Olufemi Vaughan's Religion and the Making of Nigeria draws from a rich array of sources including publications of Pentecostal churches, newspapers, family papers, colonial records, and secondary sources. It is multidisciplinary in the sense that it features methods and theories from such disciplines as history, anthropology, and political science. However, in terms of theories, Vaughan gives special attention to confirming David Laitin's theory of the hierarchical nature of power and John Peel's theory related to the impact of mission Christianity on Yoruba communities.

Vaughan examines the link between the spread of religion and the evolution of modern political structures in Nigeria. He argues that religious conflict is not a new phenomenon and traces such historical conflicts to the period before British rule. In the precolonial era (or specifically between 1804 and 1903), the founders of the Sokoto caliphate built new structures, defeated their rivals, and enhanced their domination. However, the dominance of caliphal rulers was challenged by non-Muslim communities brought under the suzerainty of the Sokoto caliphate. Vaughan stresses that by the late nineteenth century, many such non-Muslim communities used cultural, religious, social, and historical differences as justification for their autonomy. He asserts that this pattern of resistance survived after the European defeat of the Sokoto caliphate in 1903 mainly because British officials applied indirect rule policies that helped strengthen the authority of so-called Hausa-Fulani Muslim rulers over non-Muslim communities of northern and central Nigeria.

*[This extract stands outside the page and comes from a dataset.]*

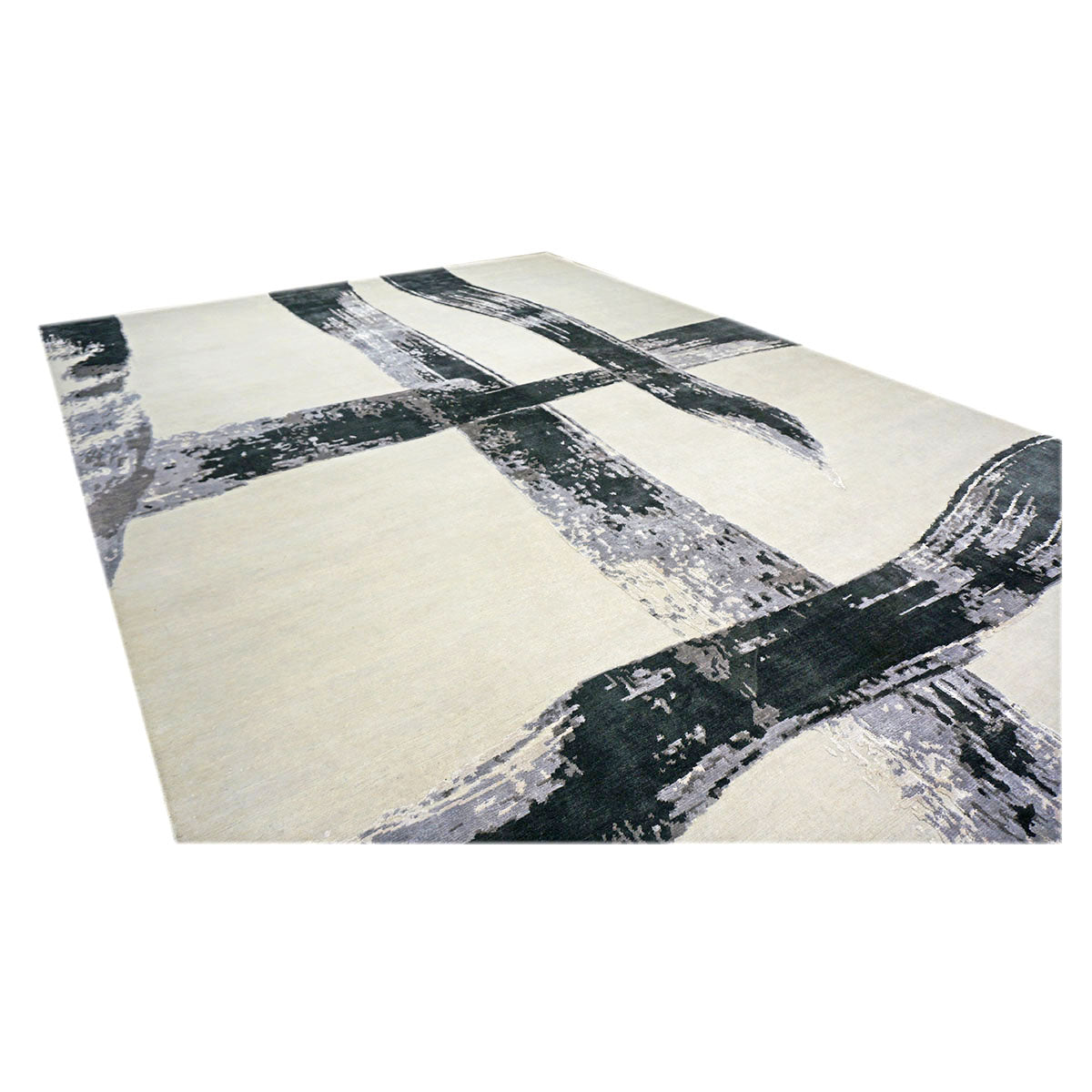 Nepalese Modern Wool & Silk 9x12 Light Grey & Black Handmade Area Rug #1144023 image 4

In addition to stressing the relationship between religion and state building in the Sokoto caliphate, Vaughan draws attention to the spread of Christianity in Yoruba areas of what became southern Nigeria. Vaughan, unlike Eltantawi, prefers not to study Christianity separately from Islam and Yoruba traditional religion. Thus, while drawing attention to the increasing Christian missionary activities in southern Nigeria during the nineteenth century, he stresses that Muslim conversion efforts had been making inroads into the Yoruba region since the beginning of that century. In that same context, he notes that by the late nineteenth century, many Christian missionaries used dialogue and other strategies to link Christianity with indigenous Yoruba cosmology in order to undermine Muslim conversion efforts. Ultimately, Vaughan seems to suggest that although Christianity was important in Yoruba societies, it was not at the center of Yoruba culture, unlike Islam, which was at the center of so-called Hausa-Fulani culture in Northern Nigeria.

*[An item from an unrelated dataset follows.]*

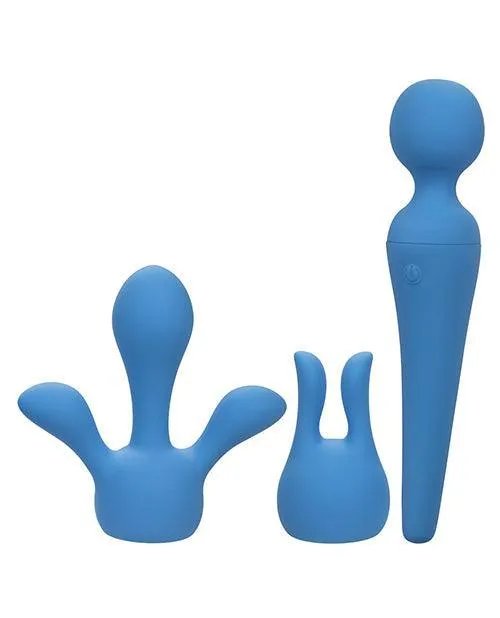 California Exotic Novelties Couture Collection Body Wand Vibrator Kit Blue Vibrators California Exotic Novelties Couture Collection Body Wand Vibrator Kit Blue Vibrators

Vaughan's examination of the colonial era (1903 to 1960 for Northern Nigeria) points to a close connection between the emergence of new charismatic Christian movements and the rapid development of Yoruba ethno-national consciousness. It also emphasizes the structural imbalance that evolved between emirate Northern Nigeria and the rest of Nigeria under British rule. Moreover, Vaughan stresses that Islam and Christianity were the essential factors during decolonization (1946–1960). In particular, he notes how Islamic structures played important roles in the regionalization of state power in the Northern Nigerian Protectorate, how Christianity helped transform Yoruba ethno-national consciousness, and how Christianity provided non-Muslim minorities in the Northern emirate society with an ideology of resistance to Muslim domination.

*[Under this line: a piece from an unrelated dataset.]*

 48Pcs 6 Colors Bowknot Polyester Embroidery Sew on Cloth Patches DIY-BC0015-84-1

In his analysis of the postcolonial era (since 1960), Vaughan explores diverse issues such as the policies of civilian and military governments, the significance of the new Pentecostal movements, the impact of technocratic globalization, and the major conflicts of contemporary Nigeria, including the Nigerian Civil War, the 1978 sharia debate, the dispute about Nigeria's membership in the Organization of Islamic Conference, the Maitatsine affair in the 1980s, and the Boko Haram uprisings. It is Vaughan's contention that the structural imbalances of the Nigerian state that started emerging between emirate Northern Nigeria and the rest of Nigeria in the nineteenth century is the primary factor responsible for these major conflicts. However, Vaughan does not give as much attention to the question of whether Islam is compatible with democracy and the question of the solution to religious violence. Nevertheless, on the former question, he stresses that most Muslims express dissatisfaction with state secularism and democracy primarily because they perceive assault from Christian structures and Christian movements. For instance, according to him, the modernizing effects of Christian missions in non-Muslim sections of Northern Nigeria in the period after 1960 encouraged many Muslims to express dissatisfaction with state secularism. On the latter question, Vaughan encourages the leaders of Nigeria to develop viable political and constitutional mechanisms that will undermine the existing entrenched ethno-religious and ethno-regional fault lines.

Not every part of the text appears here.